• Problem:
All that is needed is each line of the entries holding the word "Garden", copied as it stands.

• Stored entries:
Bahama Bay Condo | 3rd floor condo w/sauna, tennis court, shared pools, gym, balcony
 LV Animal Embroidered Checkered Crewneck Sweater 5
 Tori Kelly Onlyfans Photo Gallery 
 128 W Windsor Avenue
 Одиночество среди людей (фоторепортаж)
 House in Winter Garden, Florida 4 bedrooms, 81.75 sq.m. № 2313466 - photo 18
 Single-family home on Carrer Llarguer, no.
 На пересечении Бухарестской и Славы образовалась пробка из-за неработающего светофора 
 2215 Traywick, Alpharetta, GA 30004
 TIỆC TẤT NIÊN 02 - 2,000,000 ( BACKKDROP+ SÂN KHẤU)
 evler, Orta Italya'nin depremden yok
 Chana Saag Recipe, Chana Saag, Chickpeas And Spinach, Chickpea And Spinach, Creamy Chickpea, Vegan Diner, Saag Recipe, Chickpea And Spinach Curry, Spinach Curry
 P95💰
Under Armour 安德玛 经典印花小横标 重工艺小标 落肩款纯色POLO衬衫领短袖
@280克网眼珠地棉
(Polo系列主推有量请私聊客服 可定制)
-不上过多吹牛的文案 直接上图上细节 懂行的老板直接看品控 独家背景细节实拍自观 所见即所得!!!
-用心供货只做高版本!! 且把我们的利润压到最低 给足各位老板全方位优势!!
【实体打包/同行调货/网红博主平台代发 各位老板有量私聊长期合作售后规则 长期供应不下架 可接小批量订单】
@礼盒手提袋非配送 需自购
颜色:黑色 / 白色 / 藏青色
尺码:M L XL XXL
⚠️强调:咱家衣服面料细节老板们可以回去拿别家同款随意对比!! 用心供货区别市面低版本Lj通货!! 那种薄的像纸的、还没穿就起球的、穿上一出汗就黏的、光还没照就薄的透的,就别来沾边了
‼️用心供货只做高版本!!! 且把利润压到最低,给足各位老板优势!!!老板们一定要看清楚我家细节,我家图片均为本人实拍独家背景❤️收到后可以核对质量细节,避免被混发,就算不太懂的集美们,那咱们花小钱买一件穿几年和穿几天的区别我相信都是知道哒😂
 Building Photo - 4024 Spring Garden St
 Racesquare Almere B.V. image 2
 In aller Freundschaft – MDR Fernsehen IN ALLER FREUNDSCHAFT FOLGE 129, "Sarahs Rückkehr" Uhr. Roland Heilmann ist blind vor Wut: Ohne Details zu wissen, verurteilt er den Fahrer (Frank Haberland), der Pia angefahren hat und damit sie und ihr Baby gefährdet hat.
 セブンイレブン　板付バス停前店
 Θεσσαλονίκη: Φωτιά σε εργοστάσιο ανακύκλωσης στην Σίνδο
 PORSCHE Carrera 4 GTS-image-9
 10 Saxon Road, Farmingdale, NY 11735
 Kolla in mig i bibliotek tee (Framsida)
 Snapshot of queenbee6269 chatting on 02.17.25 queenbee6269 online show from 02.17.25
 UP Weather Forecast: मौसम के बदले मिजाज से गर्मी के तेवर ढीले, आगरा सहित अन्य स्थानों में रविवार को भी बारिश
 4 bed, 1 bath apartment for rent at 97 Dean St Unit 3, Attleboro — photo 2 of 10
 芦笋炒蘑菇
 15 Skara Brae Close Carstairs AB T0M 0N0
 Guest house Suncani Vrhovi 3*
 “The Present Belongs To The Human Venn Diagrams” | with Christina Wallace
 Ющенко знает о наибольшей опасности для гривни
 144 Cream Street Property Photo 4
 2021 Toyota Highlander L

• Response:
 House in Winter Garden, Florida 4 bedrooms, 81.75 sq.m. № 2313466 - photo 18
 Building Photo - 4024 Spring Garden St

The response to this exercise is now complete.